Não devido às neblinas místicas e dramáticas do inverno, mas pela condição humana, perante as coisas desagradáveis da natureza e injustiças da vida, percebo a ausência da costela dramática e poética.
Se existisse, ao invés da revolta, iria como Pessoa, mas desta fez o Fernando, "fingir verdadeiramente a dor que deveras não sinto" até a sentir e agradecer a todas as neblinas, chuvas, escuridão, frio e todos os outros tormentos invernosos pela inspiração vinda do frio e da guerra.

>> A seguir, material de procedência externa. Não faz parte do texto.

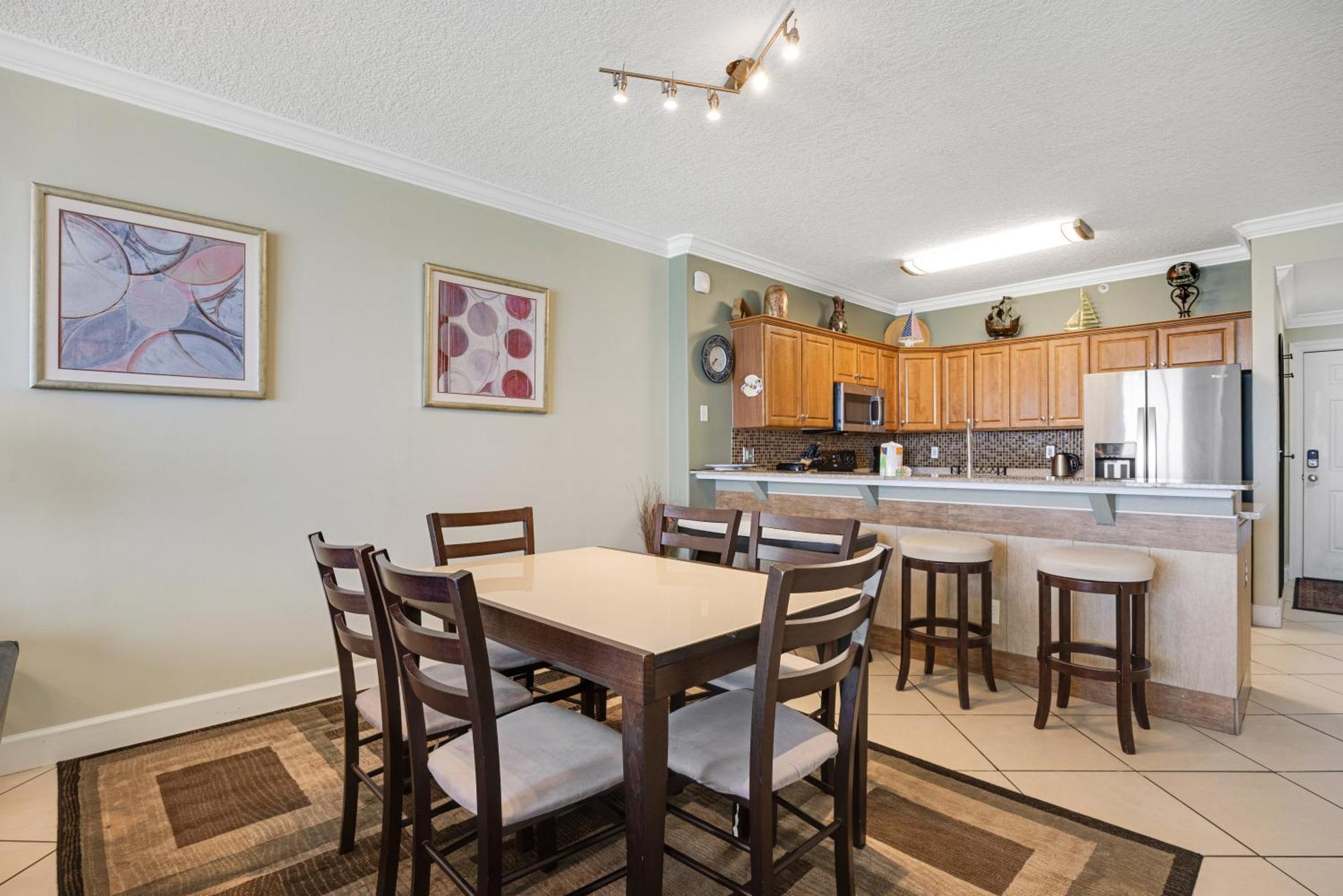 Parking Included-Beachfront 2Bd Ocean Villa! Gorgeous Amenities, Private Complex Panama City Beach Kültér fotó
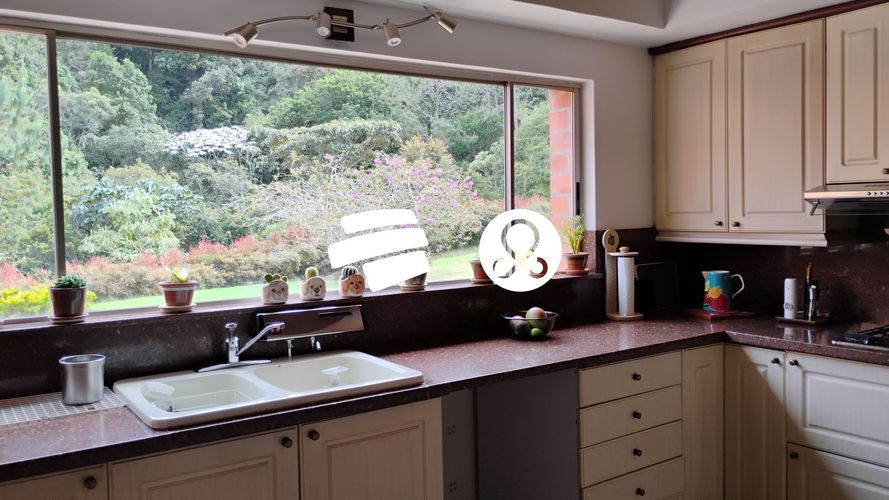 Casa de 4 alcobas en venta en Loma Del Escobero, El Retiro, 350 m² · foto 12 de 24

É que drama já trágico, adquire dimensões dantescas, quando se lhe acrescenta temperaturas muitos graus abaixo do zero.
Daquelas temperaturas que congelam mesmo, choque hipotérmico, no seu máximo exemplo fazem cair membros e causam a morte, e nos exemplos prosaicos gelam a água dentro das canalizações, obrigam a usar vidros triplos, que não existem, e uma Pessoa não consegue ter uma única roupa que não esteja molhada pela neve, pela chuva e pelo frio, além de não haver eletricidade, gás ou seja o que for para manter a presença do calor, nem alimentos, nem forma de sobreviver, manter a esperança ou a chama da vida.
Mas não é preciso fingir nada.
Porque a realidade está lá. É reportada todos os dias por aqueles que são exatamente isso: repórteres. Que mostram os milhões de Pessoas que veem as suas vidas confinadas a um romance escrito por déspotas que as destratam, mal-tratam, esmagam e matam. Sem memória. Sem respeito. Sem pudor.
Em lugares e Pessoas onde a felicidade não mora, nem com sol nem com chuva, se deseja viver o lugar comum, os sorrisos desapareceram e apenas a saudade se demora enquanto o terror parte e reparte, num jogo torpe de baralha e volta a dar.
Termino com uma citação de Miguel Esteves Cardoso, no jornal Público, datada de 3 de Março de 2022,
"A formiga brava":
" A coragem é uma qualidade que não se pode fingir. Nem aprender. Nem sequer se pode ser corajoso para toda a vida ou para todas as coisas. a coragem é uma visitação. É um estado de graça. É um que-se-lixe. É uma ausência de indecisão. (...) Não se pode provar e muito menos medir, (...) A coragem impressiona e comove. Mas também contagia."
Podem ver o artigo completo na imagem que partilho aqui:
Quanto a esta Cotovia, espero bem que sim, que haja uma valente pandemia de coragem.
Bom fim-de-semana Pessoas, bon courage!